The process starts with establishing a realistic sale price of a person’s existing home.

“Ideally, clients should have a professional give them an estimated sale price so we have a solid starting point to run a thorough calculation of the costs of selling their home,” Ms. Gibbard says. “The estimated costs considered in this first set of calculations are the early payout penalty on their existing mortgage, realtor fees with GST, and legal fees.”

The second step looks at the costs associated with the purchase of a new home. Ms. Gibbard says people should generally budget approximately 2 per cent of the purchase price to cover closing costs, including property transfer taxes, legal fees, appraisal costs, title insurance and moving expenses.

“Step one establishes the net proceeds out of the sale of the home,” she says. “Step two establishes the costs associated with buying, and this amount needs to be subtracted from step one to give the client a solid number that they can use toward the down payment on a new home.

“Now that a realistic amount for a down payment is established, we can work through options for the purchase of a new home, looking at purchase price, mortgage amount, and monthly payments.”

One financial consideration that seems to catch people off-guard is the need to have a deposit for the new home at the ready, she says.

“Usually clients have all of their equity in their home and coming up with a 5-per-cent deposit on a new home can be difficult and stressful at the last minute,” Ms. Gibbard says. “With guidance, clients can have this deposit arranged beforehand, and it removes that step out of the flurry of activity required right at the time of selling and buying.”

There are other factors to consider when upgrading – including the eventual need to scale down.

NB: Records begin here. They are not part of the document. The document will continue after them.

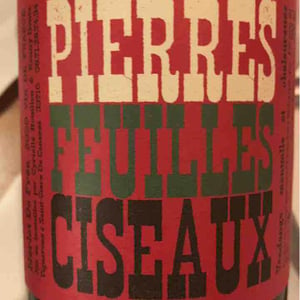 Domaine de Fréa - Cyrielle Houillon & Kenny Bentz - Pierres Feuilles Ciseaux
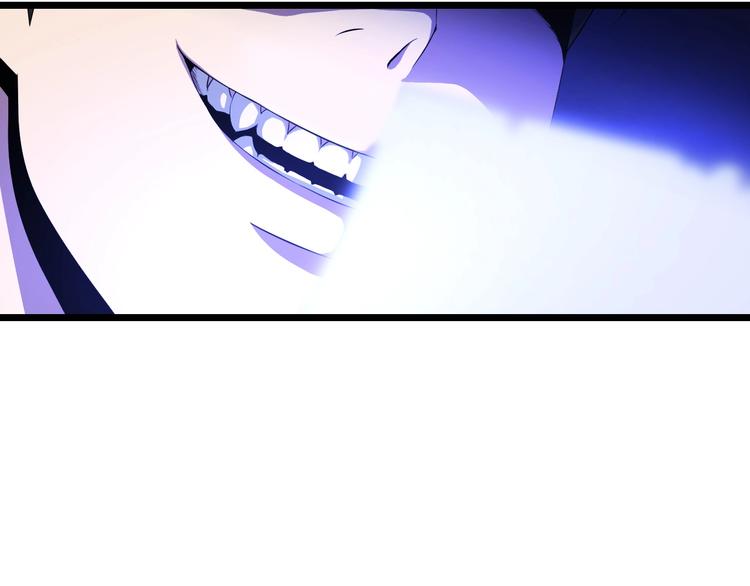 第7话 他究竟是谁？88
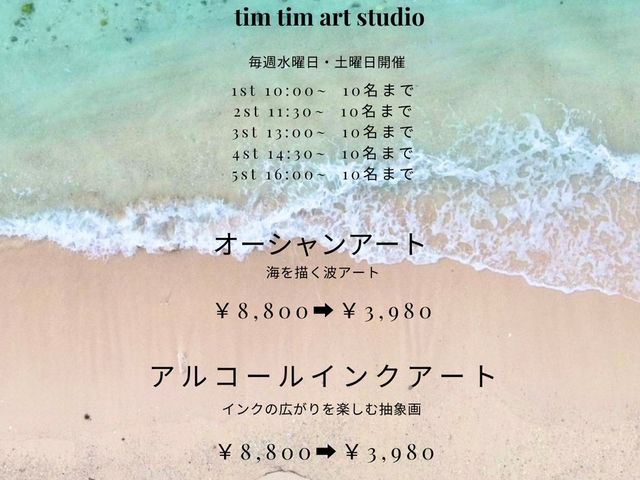 只今オープン記念特別価格でご案内_Tim Tim Art Studio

“Most upgrades are followed by some downsizing later on,” Ms. Knoblach notes. “So at first the family needs more space for the noisy teenagers. But once the teenagers have moved out, they may have too much space. It’s good to plan an upgrade with this in mind. Could I convert the basement into a separate suite that I can rent out once the kids have left the home? A bit of preplanning can be very helpful to always have a home that fits our stage in life.”

While it’s understandable to want a comfortable place, Ms. Knoblach says that being stressed about mortgage payments isn’t necessarily worth the extra space.

“If your house ends up owning you, you have overdone it,” she says. “A house is just one component of our lives and we should not sacrifice everything else just to own a trophy.

“I deal with a fair number of clients who do not stay put in one particular property but are consistently house hunting and wanting to upgrade,” she adds. “I try to convince these people that they end up making everybody else in the real-estate industry rich, but not themselves.”